Members of the Special Operations Command Europe community gathered in the Patch Chapel to remember a Soldier who died last month.
Staff Sgt. Wilfredo Egipciaco Jr., 40, passed away Feb. 1 in Vaihingen.
The native of Paterson, N.J., was driving to work after physical training, said he felt ill and asked his companion to drive. After getting out of the car, he collapsed and later died, according to Army Lt. Col. Holly Silkman, SOCEUR public affairs officer.
The cause of his death has not been determined.
Egipciaco was assigned to the 112th Signal Battalion (Airborne) SOCEUR Signal Detachment. He was a single radio operator and maintainer, having reclassified in 2008 after 13 years as an infantryman.
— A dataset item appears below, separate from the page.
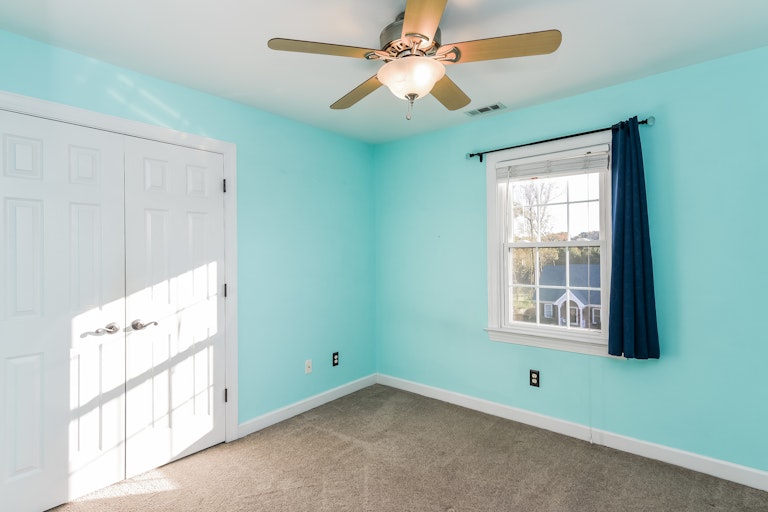 Photo 20 of 25 - 503 Oldwyck Dr, Fuquay Varina, NC 27526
A paratrooper with deployments to both Iraq and Afghanistan under his belt, Egipciaco had been assigned to Stuttgart for three years.
The Patch Chapel, its stained glass windows reflecting the vibrant blue background of Egipciaco’s portrait near the altar, was filled with friends and colleagues gathered to share in his memory.
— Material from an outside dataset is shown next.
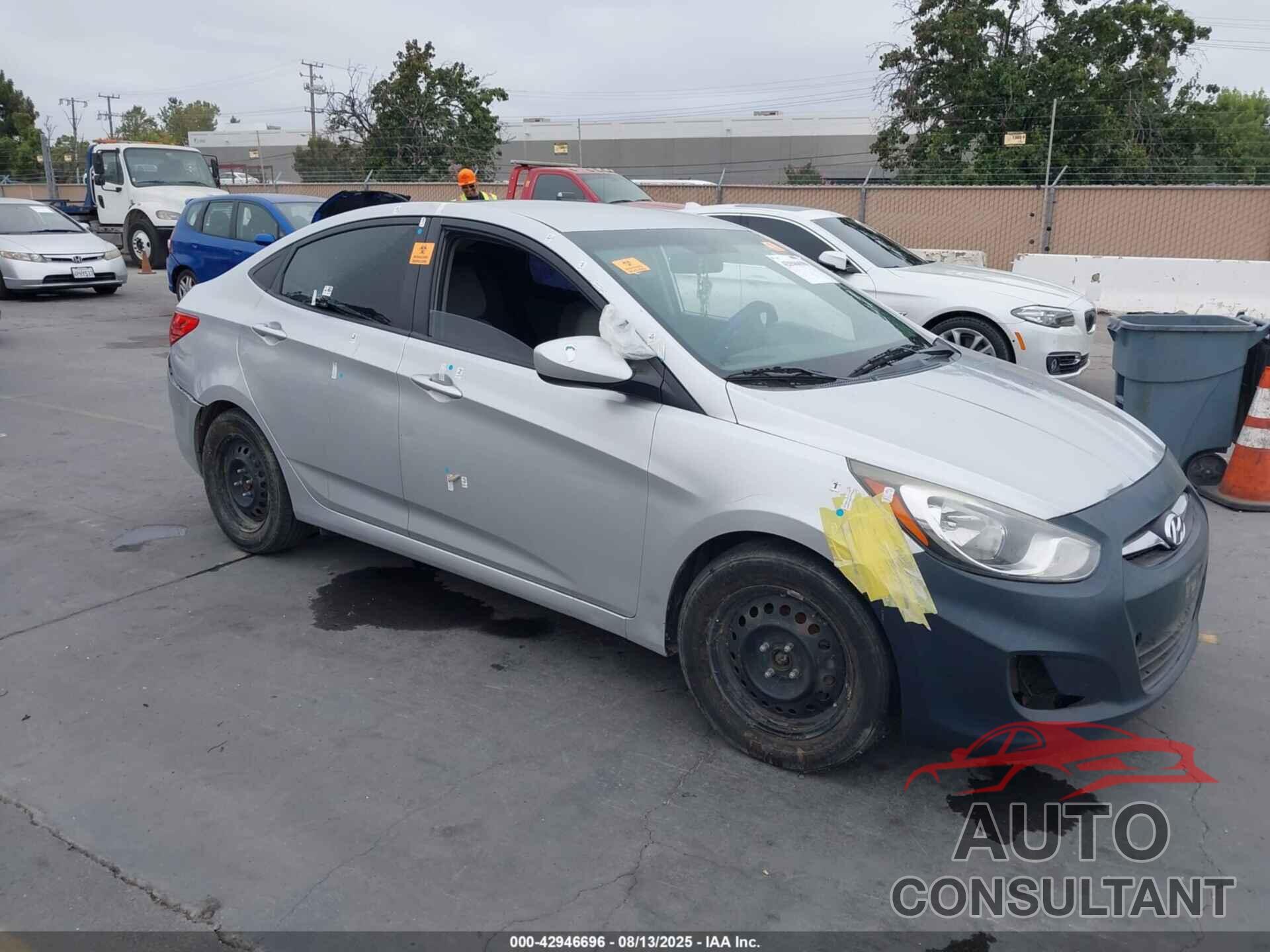 HYUNDAI ACCENT 2013 - KMHCT4AE0DU327708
Staff Sgt. “E,” as he was affectionately known, was someone to be counted on, said Capt. Matthew Songy, the signal detachment commander, as he gave his tribute. “I relied upon him for his maturity, experience and judgment.”
Songy said he was an outstanding technician, an expert trainer and thrived under pressure.“But perhaps his most important trait as a Soldier, and the one that had the greatest impact on the detachment, were his skills as a leader.” Egipciaco lived up to every ideal expressed in the noncommissioned officer creed, Songy said.
Sgt. 1st Class Donnie Gill, the detachment platoon sergeant, was visibly emotional as he delivered the eulogy, pausing long between sentences to compose himself.
“He could manage and motivate Soldiers like no other in the detachment. Will had a way with Soldiers that was sometimes like a father, a brother, a friend, and if need be, a warden,” Gill said.
Fellow Soldier and team sergeant, Staff Sgt. Joseph Gibbs, knew “E” for three years. They met at Fort Gordon, Ga., where Gibbs was an instructor and Egipciaco was reclassifying.
“He was definitely an outstanding NCO. He always put his team first before himself, Gibbs said a few days after the memorial service. Gill described Egipciaco as dedicated to the military and each unit he was assigned to … a Soldier’s Soldier. “He was doing what he loved to do,” Gibbs said. On a personal note, “He was a great dude to have around — a great listener,” he added.
The service included the paratrooper’s prayer, a bagpipe rendition of “Amazing Grace,” the firing of volleys and a lone bugler playing taps.
Egipciaco is survived by sons Kephrin Egipciaco, 17, of Pompton Lakes, N.J., Kalum Egipciaco, 12, of West Freeport, Fla., and daughter Estelle Mary Jones, 6, of Oceanside, Calif. He was buried Feb. 13 in Wrightstown, N.J.